Particularly on weekends, when most of us are likely to spend a ton of time with our friends – and especially when it’s nice outside – we’re more apt to forgetting about our good eating habits. Good eating habit that we may generally subscribe to, during the work week.
Of course friends cluster together with respect to habits – if you’re a healthy eater, chances are your friends are too. A problem that I’ve observed, however, is there’s a certain mentality towards eating that many people have over the weekend. A mentality of, “I’ve eaten healthy during the week so I’m going to spoil myself. This is my reward.”
But why do we reward ourselves with doing something that isn’t necessarily good for us, or at least for our health? That is to say, why do we reward our good healthy practices by eating (and drinking) poorly over the weekend? Shouldn’t we “reward” ourselves by doing something that will make us even healthier?
Now don’t get me wrong – I am not one of those people who believes that people should never have anything, “unhealthy.” I cook, I bake, and I’m even dabbling in home mixology these days. And those things alone mean I know most of what is going in my body. To me that is fundamental – knowing what you’re putting inside your body.
The problem though is during the weekend, when most of us are more inclined to go for all the foods we want simply because it’s the weekend – we know less what we’re putting in our bodies. And most of us, even the most health-conscious of us, don’t even want to think about it.
This is not a particularly beneficial way to live – treating your health and eating habits like a reward system, that is. In the long-term it creates a mentality that the reward for healthy behavior is unhealthy behavior.
For many, the loss of self-control is our inability to focus on our future gains. Or what I like to call, our future or long-term selves. Our love of instant gratification includes the way we eat, and we love to satisfy our short-term selves.
So even though our long-term selves may wants abs, our short-term selves want pizza. And on the weekends, especially because of a culture of excess and work and a sort of, “living for the weekend” mentality, we’re more inclined to listen to our short-term selves.

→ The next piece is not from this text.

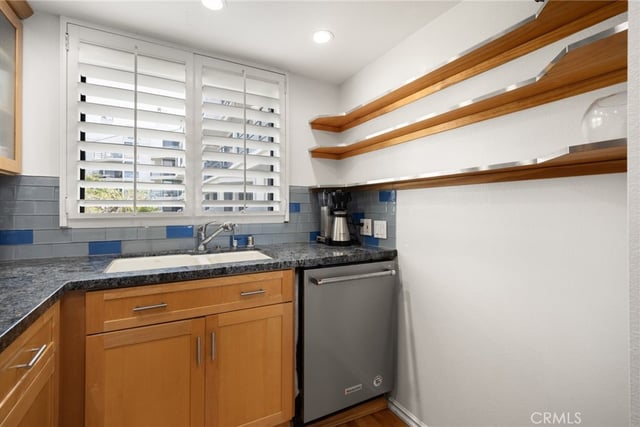 2960 Neilson Way 301, Santa Monica, CA 90405 — photo 11 of 42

A friend and I were talking about this late last night as we got together and had a glass of wine and some hors ‘d’oeuvres. I told her, part-seriously and part in jest that my struggle that evening was that profound question: Do I want pizza or do I want abs?
I had chosen a salad mostly because I am simply one of those people who believes, and who comes from a culture that believes, saying “no” to yourself is a good thing. And it’s not just a good thing, it’s an important thing in order to lead the kind of life you want in the long-term. Self-denial, especially in the short-term, can lead to success in the long-term.
I also recalled something my friend once said to me which I had been thinking about yesterday specifically. She is a health professional and someone who I credit as one of the best strength training instructors I ever had the privilege of being trained by. In one of her fitness classes one time, she said the following in passing, “When you say no to something, you are saying yes to something else.”
Those words stuck. I’ve often remembered them in times when I really needed to recall what my long-term self really wants. I think it’s a good thing to remember too if you struggle with seemingly day-to-day decisions that end up affecting you over a lifetime. How we eat on our weekends may change if we stop thinking about health as a rewards system, and start thinking about what we want to say no to, and what we want to say yes to – in the long-term.
So definitely have that glass of wine or that cupcake or that cookie or that slice of pizza. Food and drink, after all, are not the enemy. And my God, what an awful existence it would be to always deny one’s self little pleasures. Moreover, the odd pizza slice is not going to ruin your abs.
But if you do want abs – which is really just my synonym for good health in this piece – recognize that you have to make sacrifices. You have to say no to some things. But don’t focus on the no’s. Ask yourself: When I say “no” to this, what am I saying “yes” to? Focus on those yes’s. And if you think about it, you can apply this ideology to more than just weekend eating – you can apply it to life.